XML Composer Multiple Nested List Elements

gsbrown · Post by **gsbrown** » Wed Apr 02, 2014 10:33 am

I'm trying to build this XML format where I have multiple repeated elements nested under <Customer> for each unique Customer Number.

Code: Select all

<Customer>
   <Customer Number='123456'>
      <Name>
         <Name Location="First">Greg</Name>
         <Name Location="Middle">S</Name>
         <Name Location="Last">Brown</Name>
      </Name>
      <ContactPreferences>
         <Contact Type="Mail">true</Contact>
         <Contact Type="Phone">false</Contact>
         <Contact Type="Email">true</Contact>
      </ContactPreferences>
      <POSAlternateKeys>
         <AltKey>456789</AltKey>
         <AltKey>111111</AltKey>
         <AltKey>222222</AltKey>
         <AltKey>333333</AltKey>
         <AltKey>444444</AltKey>
      </POSAlternateKeys>
   </Customer>
</Customers>

Here is my DataStage layout for inputing the data. My main input ODBC stage has one record per Customer Number. The name and contact preference values are columns, so I'm using a Pivot stage to shift those to rows. Then I've added a sparse lookup to grab the multiple Alternate ID's that exist for each Customer Number. All of these are coming together into the XML Assembly and I'm attempting to Join/Regroup the data there and I can't find the winning combination of steps. What would be the proper flow using the HJoin and Regroup steps to get this data collected properly? I've tried HJoin-->HJoin-->Regroup and I've tried HJoin-->Regroup-->HJoin-->Regroup and I can't seem to get the above results that I need. When I initially started this I worked with only the "Output_Records" and "Output_Name" coming into the XML Assembly and it worked perfectly.
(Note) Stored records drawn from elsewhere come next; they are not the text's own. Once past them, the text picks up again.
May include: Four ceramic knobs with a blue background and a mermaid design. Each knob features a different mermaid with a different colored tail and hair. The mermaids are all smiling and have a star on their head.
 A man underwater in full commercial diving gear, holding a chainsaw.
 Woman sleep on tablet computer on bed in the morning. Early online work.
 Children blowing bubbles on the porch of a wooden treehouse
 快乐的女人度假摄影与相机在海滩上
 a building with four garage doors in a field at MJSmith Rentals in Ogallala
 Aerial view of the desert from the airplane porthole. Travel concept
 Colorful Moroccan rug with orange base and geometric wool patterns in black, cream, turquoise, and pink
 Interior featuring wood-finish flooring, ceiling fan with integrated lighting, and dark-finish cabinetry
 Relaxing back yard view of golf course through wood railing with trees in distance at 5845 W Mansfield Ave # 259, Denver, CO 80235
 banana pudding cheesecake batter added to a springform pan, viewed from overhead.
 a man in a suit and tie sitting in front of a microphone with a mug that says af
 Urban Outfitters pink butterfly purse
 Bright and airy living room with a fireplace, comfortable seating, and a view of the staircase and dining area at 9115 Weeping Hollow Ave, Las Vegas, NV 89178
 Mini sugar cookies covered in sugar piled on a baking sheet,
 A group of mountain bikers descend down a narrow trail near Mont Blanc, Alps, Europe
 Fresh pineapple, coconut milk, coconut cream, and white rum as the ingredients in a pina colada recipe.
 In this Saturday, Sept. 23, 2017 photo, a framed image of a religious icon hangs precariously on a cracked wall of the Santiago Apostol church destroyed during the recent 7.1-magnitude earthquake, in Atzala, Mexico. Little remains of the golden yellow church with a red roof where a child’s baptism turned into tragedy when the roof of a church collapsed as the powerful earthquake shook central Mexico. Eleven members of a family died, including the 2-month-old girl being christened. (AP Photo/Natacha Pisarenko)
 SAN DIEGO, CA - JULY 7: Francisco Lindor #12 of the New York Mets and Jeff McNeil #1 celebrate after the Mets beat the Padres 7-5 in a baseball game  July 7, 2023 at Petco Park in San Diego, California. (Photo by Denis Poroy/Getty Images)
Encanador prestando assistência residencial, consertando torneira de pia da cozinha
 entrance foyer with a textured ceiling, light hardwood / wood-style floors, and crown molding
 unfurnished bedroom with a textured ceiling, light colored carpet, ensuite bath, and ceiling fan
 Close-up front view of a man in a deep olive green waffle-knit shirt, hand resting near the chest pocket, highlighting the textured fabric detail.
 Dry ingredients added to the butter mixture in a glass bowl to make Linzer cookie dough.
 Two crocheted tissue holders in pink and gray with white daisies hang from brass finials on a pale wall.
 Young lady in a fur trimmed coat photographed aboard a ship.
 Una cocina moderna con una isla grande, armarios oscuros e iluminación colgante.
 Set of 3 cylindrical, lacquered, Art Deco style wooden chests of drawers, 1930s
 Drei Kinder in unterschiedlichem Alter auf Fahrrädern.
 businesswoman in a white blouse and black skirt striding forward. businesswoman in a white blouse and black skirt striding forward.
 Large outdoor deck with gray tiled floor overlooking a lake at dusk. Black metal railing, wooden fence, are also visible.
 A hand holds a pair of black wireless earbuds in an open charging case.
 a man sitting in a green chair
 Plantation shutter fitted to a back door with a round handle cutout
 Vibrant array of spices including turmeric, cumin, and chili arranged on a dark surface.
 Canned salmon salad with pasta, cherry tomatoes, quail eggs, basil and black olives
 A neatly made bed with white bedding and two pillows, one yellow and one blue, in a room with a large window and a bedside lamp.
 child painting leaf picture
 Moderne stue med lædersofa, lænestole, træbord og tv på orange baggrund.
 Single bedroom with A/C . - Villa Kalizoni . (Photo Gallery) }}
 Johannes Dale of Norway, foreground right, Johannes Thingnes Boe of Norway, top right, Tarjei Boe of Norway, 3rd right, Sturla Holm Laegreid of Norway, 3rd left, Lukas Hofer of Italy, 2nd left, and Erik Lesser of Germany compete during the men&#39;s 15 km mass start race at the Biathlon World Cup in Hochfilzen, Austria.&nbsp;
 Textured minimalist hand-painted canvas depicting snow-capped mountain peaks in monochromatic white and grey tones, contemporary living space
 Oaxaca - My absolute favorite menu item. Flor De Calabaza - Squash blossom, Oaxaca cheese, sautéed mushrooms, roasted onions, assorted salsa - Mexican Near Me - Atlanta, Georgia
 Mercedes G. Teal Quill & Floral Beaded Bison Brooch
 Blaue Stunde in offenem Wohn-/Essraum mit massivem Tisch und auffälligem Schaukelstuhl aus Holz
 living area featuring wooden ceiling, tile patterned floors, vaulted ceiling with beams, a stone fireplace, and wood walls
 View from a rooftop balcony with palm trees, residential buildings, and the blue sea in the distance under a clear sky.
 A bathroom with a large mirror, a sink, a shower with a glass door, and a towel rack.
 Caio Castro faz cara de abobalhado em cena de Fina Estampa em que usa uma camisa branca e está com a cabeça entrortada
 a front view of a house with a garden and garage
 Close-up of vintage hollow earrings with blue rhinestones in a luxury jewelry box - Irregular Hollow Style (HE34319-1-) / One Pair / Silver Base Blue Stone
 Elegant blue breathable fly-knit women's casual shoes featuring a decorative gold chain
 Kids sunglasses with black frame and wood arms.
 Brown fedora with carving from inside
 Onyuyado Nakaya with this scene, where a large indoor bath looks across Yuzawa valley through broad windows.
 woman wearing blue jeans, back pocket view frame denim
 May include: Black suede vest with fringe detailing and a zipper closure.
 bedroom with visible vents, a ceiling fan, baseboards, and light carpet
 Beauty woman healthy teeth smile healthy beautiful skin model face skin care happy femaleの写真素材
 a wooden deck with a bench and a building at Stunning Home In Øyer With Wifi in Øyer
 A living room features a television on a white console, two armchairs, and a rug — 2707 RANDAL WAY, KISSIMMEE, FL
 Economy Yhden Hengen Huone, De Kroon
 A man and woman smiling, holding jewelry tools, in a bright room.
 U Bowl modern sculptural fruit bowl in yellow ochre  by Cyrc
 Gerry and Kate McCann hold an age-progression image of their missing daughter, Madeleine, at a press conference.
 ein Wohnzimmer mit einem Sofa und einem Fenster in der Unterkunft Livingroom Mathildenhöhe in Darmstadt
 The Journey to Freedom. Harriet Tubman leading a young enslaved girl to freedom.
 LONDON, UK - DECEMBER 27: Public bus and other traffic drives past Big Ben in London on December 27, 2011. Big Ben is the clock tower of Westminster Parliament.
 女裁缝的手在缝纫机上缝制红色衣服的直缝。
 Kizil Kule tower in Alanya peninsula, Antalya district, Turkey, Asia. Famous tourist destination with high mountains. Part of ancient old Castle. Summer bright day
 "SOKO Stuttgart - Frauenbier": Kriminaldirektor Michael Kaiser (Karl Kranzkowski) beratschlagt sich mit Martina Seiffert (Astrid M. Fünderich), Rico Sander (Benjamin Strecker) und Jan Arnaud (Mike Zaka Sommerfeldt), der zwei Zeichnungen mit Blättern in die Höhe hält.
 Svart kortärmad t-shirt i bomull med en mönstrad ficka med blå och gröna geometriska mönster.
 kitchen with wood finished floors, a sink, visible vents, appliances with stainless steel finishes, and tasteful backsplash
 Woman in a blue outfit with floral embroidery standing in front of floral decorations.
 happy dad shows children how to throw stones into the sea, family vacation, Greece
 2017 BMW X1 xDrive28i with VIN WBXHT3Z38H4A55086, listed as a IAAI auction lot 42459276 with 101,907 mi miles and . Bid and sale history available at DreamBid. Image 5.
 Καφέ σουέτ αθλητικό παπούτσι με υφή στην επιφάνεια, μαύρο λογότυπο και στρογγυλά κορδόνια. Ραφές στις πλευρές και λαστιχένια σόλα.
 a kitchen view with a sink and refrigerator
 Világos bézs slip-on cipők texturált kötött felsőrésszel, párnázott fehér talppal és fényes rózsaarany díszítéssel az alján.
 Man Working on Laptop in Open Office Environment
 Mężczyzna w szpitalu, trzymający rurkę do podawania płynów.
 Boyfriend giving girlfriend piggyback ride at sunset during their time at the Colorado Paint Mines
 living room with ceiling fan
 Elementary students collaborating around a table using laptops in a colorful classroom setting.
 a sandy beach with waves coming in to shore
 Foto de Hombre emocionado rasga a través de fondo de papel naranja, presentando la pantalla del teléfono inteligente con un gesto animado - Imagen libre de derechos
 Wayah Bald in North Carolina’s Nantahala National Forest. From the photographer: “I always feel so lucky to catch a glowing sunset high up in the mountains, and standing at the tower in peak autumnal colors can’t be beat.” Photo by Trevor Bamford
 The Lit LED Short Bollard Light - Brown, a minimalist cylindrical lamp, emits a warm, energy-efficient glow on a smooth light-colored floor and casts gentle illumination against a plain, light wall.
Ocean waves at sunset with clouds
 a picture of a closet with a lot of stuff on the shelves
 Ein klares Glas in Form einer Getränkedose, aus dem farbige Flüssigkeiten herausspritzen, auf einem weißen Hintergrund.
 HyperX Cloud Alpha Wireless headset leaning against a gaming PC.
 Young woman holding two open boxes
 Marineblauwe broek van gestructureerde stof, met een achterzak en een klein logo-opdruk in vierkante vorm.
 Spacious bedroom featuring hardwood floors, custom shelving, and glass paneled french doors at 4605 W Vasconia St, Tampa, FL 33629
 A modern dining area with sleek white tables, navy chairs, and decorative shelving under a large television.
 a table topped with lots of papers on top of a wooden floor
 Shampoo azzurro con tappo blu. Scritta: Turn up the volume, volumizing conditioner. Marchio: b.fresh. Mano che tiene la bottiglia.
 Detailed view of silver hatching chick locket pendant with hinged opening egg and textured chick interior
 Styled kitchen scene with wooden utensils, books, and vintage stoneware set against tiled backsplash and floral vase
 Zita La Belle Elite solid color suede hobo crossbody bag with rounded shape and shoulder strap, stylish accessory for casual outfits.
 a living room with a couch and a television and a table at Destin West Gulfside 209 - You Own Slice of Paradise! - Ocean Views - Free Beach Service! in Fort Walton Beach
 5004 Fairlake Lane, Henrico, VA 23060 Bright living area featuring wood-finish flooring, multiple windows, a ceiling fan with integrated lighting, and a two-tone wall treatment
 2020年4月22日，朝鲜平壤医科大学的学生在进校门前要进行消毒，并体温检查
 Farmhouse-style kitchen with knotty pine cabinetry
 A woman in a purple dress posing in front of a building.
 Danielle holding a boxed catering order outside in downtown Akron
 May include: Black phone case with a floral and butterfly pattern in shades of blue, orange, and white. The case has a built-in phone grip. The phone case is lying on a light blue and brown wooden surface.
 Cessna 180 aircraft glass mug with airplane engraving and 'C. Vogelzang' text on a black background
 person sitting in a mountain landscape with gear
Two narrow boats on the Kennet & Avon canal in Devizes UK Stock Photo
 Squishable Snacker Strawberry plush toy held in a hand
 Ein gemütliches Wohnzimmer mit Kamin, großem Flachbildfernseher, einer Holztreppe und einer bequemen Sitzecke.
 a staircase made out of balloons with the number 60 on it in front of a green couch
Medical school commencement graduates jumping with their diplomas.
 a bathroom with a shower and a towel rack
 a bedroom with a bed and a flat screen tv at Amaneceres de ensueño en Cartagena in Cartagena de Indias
Adding the 3rd "Output_AlternateIDs" layer is causing quite a challenge.

Appreciate any advice or examples, thank you!

eostic · Post by **eostic** » Wed Apr 02, 2014 2:47 pm

Hi Greg...

Hard to say "exactly" what you'll need to do without seeing your exact xsd, but the basics are:

a) bring in "n" rows on each link for the 3 of your repeating nodes (likely to be "lists" in your xsd). Each will be keyed by the customer number.

b) regroup by the customer number

c) then regroup by each of the sub-nodes "within" that first regroup...(so that you have three resulting independent lists under the main list).

d) hjoin to combine the name and contact "lists"
e) another hjoin to combine the final altKey list.

Now you should have the related constructs to map into an xml Composer step.

Ernie

gsbrown · Post by **gsbrown** » Thu Apr 10, 2014 2:41 pm

Ok, I've got it working and getting the exact XML output that I want, but I'm concerned about the performance. My XML stage with the setup described below takes almost 17min to process 10,000 input records joined to 30,000 records generated by the Pivot Stage

XML Composer Steps
1. Input - Link#1) Primary Input 10,000 records Link#2) Secondary input of pivoted data 30,000 records
2. Regroup1 - regrouping the 10,000 input to generate my "Alternate ID" list
3. Regroup2 - regrouping the 30,000 pivot stage input to generate my "Name" data list
4. HJoin - combine the results of both regroups on their common key
5. XML Composer - sourcing my regroup/join fields to map the XML fields

I'm getting the desired output, with this number of records I'm getting a 20MB file. I tried both "disk based" and "in memory" on the HJoin and didn't get a noticeable difference in runtime. I've got 512MB java heap size set. Performance analysis shows 99% of the processing is in the XML stage, so I don't understand what's taking 17min for that stage to process so few records runtime is to be expected? Another concern is this message in the log "main_program: The virtual memory limit is 8316600320 bytes. Raising to 18446744073709551615." So I'm really curious if I've gone about this incorrectly even though I'm getting the right output. Thanks again!

gsbrown · Post by **gsbrown** » Thu Apr 10, 2014 3:18 pm

HA! Saw another member post about runtime performance issues with the XML stage and discovered the "enable logging" had an impact. I followed suit and disabled logging in my XML stage and the 17min runtime dropped to 45secs

chulett · Post by **chulett** » Thu Apr 10, 2014 4:23 pm

Funny... almost asked if you had logging enabled in the stage.